Segment Start: DATA SUPPLIED
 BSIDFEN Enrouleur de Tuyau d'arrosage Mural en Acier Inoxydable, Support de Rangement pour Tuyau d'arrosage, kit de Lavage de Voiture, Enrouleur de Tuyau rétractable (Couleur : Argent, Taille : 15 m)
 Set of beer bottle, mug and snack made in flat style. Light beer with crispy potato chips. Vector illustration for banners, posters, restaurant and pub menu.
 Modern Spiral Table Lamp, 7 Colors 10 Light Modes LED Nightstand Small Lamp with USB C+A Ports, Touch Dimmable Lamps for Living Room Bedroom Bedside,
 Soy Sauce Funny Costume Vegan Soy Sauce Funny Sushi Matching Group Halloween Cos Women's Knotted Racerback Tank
Segment End: DATA SUPPLIED
Segment Start: DATA SUPPLIED
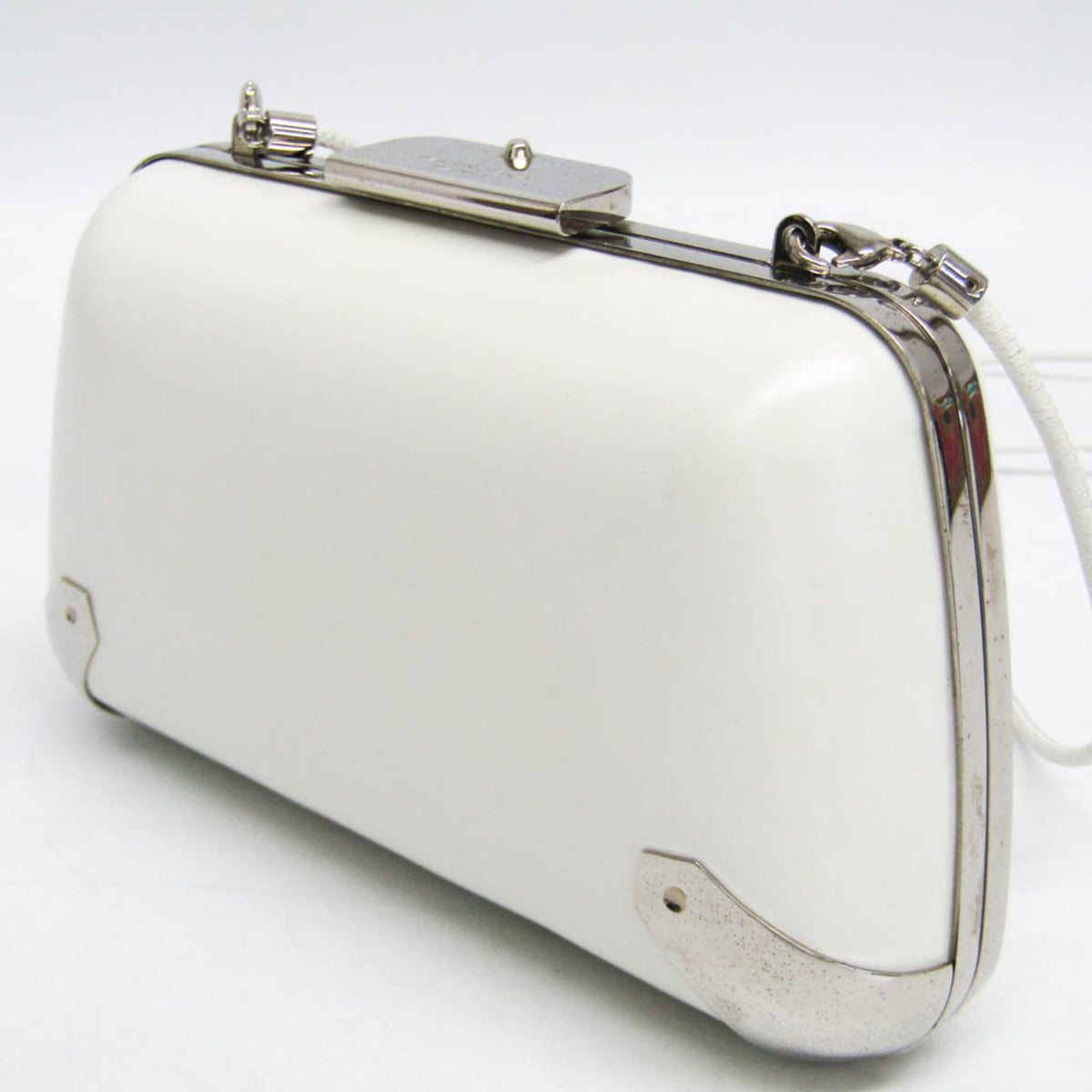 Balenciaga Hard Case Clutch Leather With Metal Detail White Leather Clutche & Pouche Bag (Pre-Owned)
Segment End: DATA SUPPLIED
Segment Start: DATA SUPPLIED
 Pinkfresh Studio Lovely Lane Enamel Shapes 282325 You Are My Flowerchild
Segment End: DATA SUPPLIED
The expected result is every line from the material above that includes "Light".

### ANSWER BOX
 Set of beer bottle, mug and snack made in flat style. Light beer with crispy potato chips. Vector illustration for banners, posters, restaurant and pub menu.
 Modern Spiral Table Lamp, 7 Colors 10 Light Modes LED Nightstand Small Lamp with USB C+A Ports, Touch Dimmable Lamps for Living Room Bedroom Bedside,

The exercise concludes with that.